As intriguing as both ideas are, Bessen says, neither is likely to survive. Eliminating software patents entirely is probably too far-out, he says, and the SHIELD Act will no doubt be delayed and shredded in Congress?if it passes at all, it might be unrecognizable from the current document. The America Invents Act, a patent reform bill that passed last fall, suffered a similar fate.

"It seems a little unlikely that this act would pass without some serious modifications," Bessen says. NPEs would certainly lobby against the law, and Bessen says pharmaceutical companies probably would throw their weight against it, knowing that any patent law changes could eventually affect them. (There is a law on the books today called the English Rule that mimics some parts of the SHIELD Act, but with two important differences: It's not restricted to technology patents, and it's entirely up to the judge's discretion. If a judge deems a suit "frivolous or vexatious," the plaintiff may have to pay the defendant's legal fees.)

Even if it were possible, it's not clear that eliminating software patents would be wise. Mark Lemley, a technology legal expert and professor at Stanford Law School, says that while software patents are a pain, we cannot simply cancel them. "No one really knows what a software patent is, and there are real inventions out there in software, just as in any other field, Lemley says. "The real problem is that software patents are too broad and too easy to get."

He says the debate turns on the legal definition of a software patent. Should it be defined by a set of categories, such as data processing and image analysis? Maybe, he says, but that doesn't distinguish code from hardware. So why not define it by key words, so that a software patent contains words like "software" and "computer," but not "antigen" and "semiconductor." Or why not some combination of categories and key words? (For more on proposed definitions, see this analysis by Anne Layne-Farrar at Charles River Associates in Chicago.

Lemley argues in a new paper that the big problem is patent claims increasingly cover the goal of the software, not the specific code written to reach that goal. For example, there are patents for anything from online sales to video downloads, which are goals. But there are many ways to provide those services. So a patent should cover a specific means of, say, streaming a video, not the act of streaming itself, Lemley says.

As the drumbeat rises against software patents, one dissenting voice can be found in the person of Michael Mace, an app creator and Silicon Valley veteran, formerly the chief competitive officer at Palm, with past roles at PalmSource, Apple, and other technology companies. Mace says the SHIELD Act is a "reasonable start" to discourage nonpracticing entities. But, he say, "I am not a huge fan of using the risk of legal expenses to deter patent lawsuits?it's a bit too much like playing the lottery in reverse."
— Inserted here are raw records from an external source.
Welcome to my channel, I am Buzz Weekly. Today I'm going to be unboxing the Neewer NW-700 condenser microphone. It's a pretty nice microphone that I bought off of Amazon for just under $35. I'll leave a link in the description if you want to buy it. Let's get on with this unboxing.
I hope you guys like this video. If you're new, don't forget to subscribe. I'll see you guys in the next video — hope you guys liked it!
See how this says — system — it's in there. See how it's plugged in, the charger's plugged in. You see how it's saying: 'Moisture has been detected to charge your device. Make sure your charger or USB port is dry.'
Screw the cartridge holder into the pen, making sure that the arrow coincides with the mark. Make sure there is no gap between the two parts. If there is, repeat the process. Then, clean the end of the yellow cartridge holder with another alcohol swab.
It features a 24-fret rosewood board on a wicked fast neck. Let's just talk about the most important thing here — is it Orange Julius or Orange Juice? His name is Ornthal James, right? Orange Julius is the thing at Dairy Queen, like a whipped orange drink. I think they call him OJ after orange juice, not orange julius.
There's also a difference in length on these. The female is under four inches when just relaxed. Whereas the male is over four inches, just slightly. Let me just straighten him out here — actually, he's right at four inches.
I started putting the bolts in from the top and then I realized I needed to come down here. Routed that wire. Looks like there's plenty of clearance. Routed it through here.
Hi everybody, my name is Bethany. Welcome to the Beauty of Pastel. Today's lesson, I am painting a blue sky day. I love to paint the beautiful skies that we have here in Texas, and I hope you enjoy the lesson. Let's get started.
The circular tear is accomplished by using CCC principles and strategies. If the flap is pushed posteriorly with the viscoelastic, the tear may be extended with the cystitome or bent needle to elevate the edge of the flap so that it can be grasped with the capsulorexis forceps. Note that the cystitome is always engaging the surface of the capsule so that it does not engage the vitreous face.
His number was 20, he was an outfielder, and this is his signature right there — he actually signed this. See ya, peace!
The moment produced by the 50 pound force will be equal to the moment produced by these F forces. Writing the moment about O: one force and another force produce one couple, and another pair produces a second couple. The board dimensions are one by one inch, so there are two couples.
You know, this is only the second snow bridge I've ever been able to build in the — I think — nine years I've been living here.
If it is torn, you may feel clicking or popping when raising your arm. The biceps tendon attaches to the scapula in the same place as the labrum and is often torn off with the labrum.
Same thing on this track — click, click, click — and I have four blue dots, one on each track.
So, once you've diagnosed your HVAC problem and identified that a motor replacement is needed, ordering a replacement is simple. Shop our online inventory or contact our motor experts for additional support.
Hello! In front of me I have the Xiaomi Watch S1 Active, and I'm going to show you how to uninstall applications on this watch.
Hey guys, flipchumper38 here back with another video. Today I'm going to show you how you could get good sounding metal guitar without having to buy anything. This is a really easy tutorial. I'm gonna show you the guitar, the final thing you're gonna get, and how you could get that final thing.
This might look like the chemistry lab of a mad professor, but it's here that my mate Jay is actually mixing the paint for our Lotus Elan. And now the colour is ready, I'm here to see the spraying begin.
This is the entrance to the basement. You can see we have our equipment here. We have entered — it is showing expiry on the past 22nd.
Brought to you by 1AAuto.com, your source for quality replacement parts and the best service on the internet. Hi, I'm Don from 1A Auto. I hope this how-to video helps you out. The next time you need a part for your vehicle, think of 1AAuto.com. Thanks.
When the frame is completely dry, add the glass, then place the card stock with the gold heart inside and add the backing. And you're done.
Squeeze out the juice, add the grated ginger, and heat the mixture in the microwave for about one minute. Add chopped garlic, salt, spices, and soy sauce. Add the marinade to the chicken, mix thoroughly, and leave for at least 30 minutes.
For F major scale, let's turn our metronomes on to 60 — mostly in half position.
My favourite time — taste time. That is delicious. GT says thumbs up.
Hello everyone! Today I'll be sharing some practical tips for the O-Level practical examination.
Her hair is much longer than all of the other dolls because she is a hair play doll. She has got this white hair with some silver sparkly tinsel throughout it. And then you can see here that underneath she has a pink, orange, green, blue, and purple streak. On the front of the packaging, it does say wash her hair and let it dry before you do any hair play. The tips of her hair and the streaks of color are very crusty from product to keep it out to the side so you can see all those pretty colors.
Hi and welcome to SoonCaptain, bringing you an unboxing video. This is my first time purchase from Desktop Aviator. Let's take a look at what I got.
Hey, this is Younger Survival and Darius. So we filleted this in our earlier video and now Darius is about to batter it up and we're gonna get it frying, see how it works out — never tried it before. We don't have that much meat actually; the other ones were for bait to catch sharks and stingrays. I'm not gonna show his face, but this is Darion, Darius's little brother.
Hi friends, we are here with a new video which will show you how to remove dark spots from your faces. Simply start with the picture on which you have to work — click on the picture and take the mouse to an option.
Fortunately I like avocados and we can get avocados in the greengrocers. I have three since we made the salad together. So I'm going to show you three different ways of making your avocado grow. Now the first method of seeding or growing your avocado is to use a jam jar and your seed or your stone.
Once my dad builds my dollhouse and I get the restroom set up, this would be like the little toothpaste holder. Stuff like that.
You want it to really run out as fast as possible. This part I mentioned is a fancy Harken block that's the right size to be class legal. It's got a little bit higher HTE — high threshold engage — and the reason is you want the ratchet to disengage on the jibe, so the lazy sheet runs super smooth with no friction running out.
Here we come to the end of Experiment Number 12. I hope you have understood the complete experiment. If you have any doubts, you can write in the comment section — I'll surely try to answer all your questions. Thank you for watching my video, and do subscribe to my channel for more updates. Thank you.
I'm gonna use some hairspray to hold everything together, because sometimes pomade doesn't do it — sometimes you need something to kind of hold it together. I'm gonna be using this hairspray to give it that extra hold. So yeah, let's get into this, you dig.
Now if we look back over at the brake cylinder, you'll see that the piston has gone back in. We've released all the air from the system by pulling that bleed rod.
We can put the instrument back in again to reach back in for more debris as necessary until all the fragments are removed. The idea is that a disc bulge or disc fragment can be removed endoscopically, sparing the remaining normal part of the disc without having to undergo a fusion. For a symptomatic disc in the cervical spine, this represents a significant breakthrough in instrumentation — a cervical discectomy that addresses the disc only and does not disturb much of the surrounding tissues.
And while some patents should be canceled, he says, that's not a final solution. "Just going back and invalidating a bunch of current patents would simply add more uncertainty to an already unpredictable process. It seems like a Band-Aid on a wound that actually needs stitches."

Bessen has another solution to the patent wars: Lawmakers should raise the fees that patent owners pay to keep their patents in force. With high enough renewal fees, companies would think carefully about which patents they want to keep and which they would let expire. High renewal fees would be like a tax on companies that rack up large amounts of litigation.

"It's like a pollution tax," he says. "Those patents pollute the environment, and you're discouraging that kind of pollution."

Source: http://www.popularmechanics.com/technology/engineering/news/could-new-laws-end-the-tech-worlds-patent-wars-11711611?src=rss

hue jackson alabama football coachella 2012 line up lsu crimson tide crimson tide dixville notch

No comments:

Post a Comment

Note: Only a member of this blog may post a comment.